Re: Unicode Bidi Algorithm – Java reference implementation

2016-09-19 Thread Philippe Verdy
I note that there's a confusion in the introduction of UAX#9:

"On web pages, the explicit directional formatting characters (of all types
– embedding, override, and isolate) should be replaced by using the dir
attribute and the elements BDI and BDO."

The suggested replacements do not match the order of the listed types.
- embedding (with LRE/PDF or RLO/PDF) just uses the dir="ltr/rtl" attribute
on any element (except BDI and BDO)
- override (with LRO/PDF or RLO/PDF) uses BDO with
the dir="ltr/rtl" attribute
- explicit isolate (with LRI/PDI or RLI/PDI) uses BDI with
the dir="ltr/rtl" attribute
- "automatic" isolate (with FSI/PDI) uses BDI without any dir attribute

Two implicit directional characters (LRM or RLM) are also convertible to
overrides as an empty BDO element with dir="ltr/rtl". Only ALM has no
equivalent.



But for most cases, HTML documents should simply not use embedding or
override at all, isolates with BDI are much prefered and are in fact
simpler to manage than what section 6.4 suggests (this suggestion using RLM
or LRM before the separating punctuation does not work reliably as it
implies that you can predict the implicit reading direction of the whole
list, whose ordering is normally depending on the context or the document
containing the list. It is much simpler to isolate each list element and
then pack the list using the unmarked punctuations.

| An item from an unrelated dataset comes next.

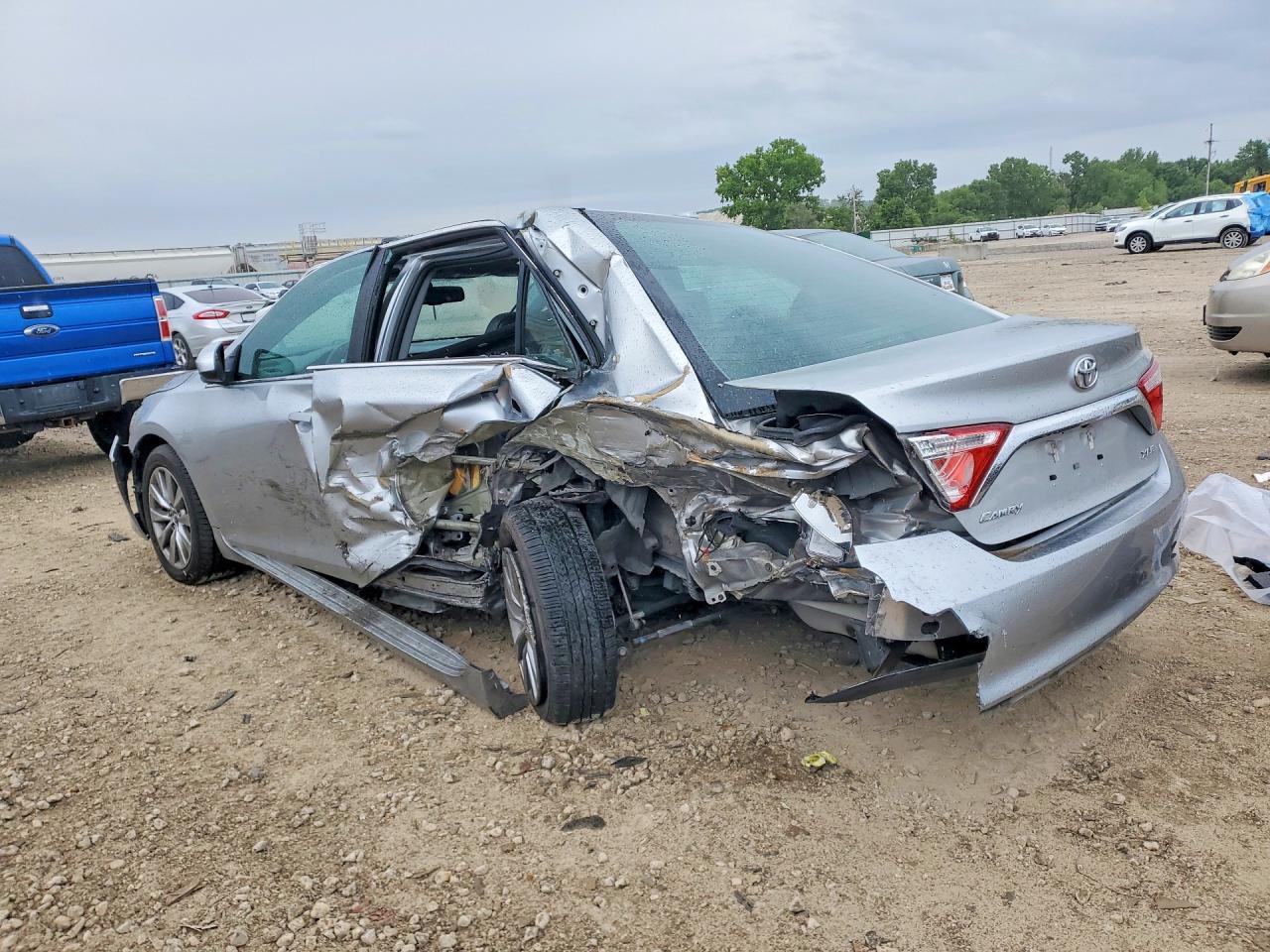 2017 TOYOTA CAMRY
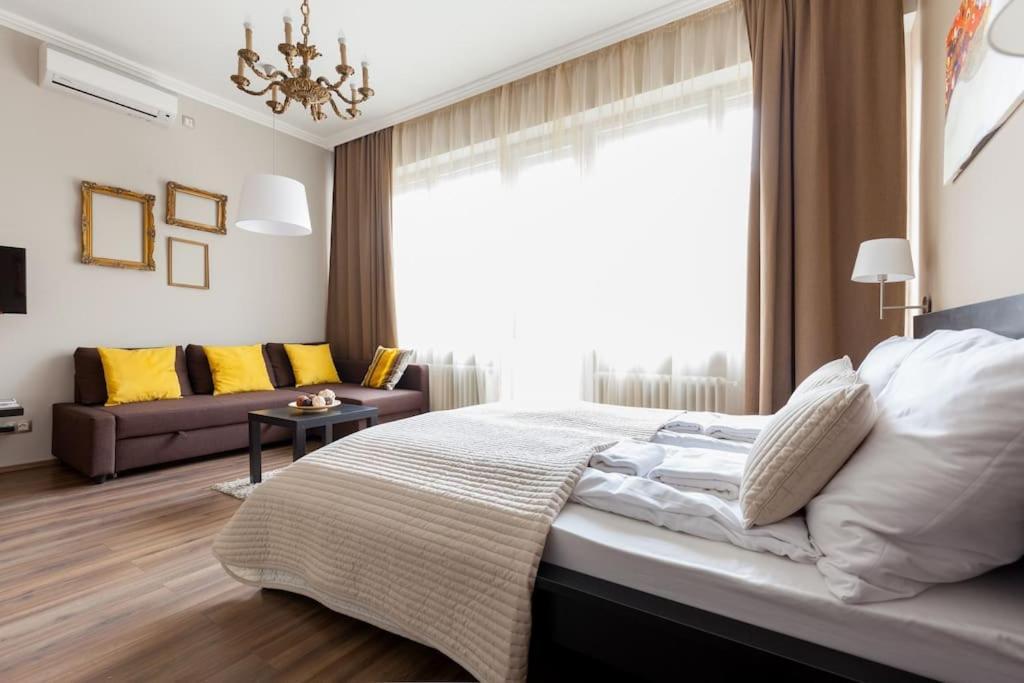Appartement Art Deco 3 Bedroom, 3 Bathroom, Balcony *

An example of this is found on International wikis thart must display some
inter-language bar to navigate to other translated versions of the same
page: the same template will be used on all pages, and the list of
languages is not predicted and may evolve over time, containing LTR or RTL
language names in unpredictable occurences anywhere in the list,
formatted  with the same separatorwithin a single inline span in a
paragraph starting by a translatable introduction heading, and you cannot
predict which language name will occur after that separator. Using BDI
(without even needing any dir=rtl/trl") or FSI/PDI to isolate each language
name will work much better than using uncondiionnaly some static RLM or LRM
before the separating punctuation (note that there's no such punctuation at
start of the list, so the ordering of the first element is not set
correctly unless there's a RLM or LRM also before that first element, which
may then render incorrectly).

The best and most flexible solution is to use "automatic" isolates for each
list item (with FSI/PDI in plain-text documents, or BDI elements without
any dir attribute in HTML documents). The same is also true when inserting
quotations (including when giving the title of another document, or the
name of an author) or for formatting translatable text containing
"placeholder variables" whose content will be generated separately. BDI
elements without any dir attribute can efficiently replace SPAN elements,
and can still have their own optional formatting styles (colors, font
families, font size, line height, font styles and weight, visual
effects...), or title attributes (to give hints to readers about what the
isolate value will be used for), or identifier (useful to generate stable
anchors that work across all translations of the document).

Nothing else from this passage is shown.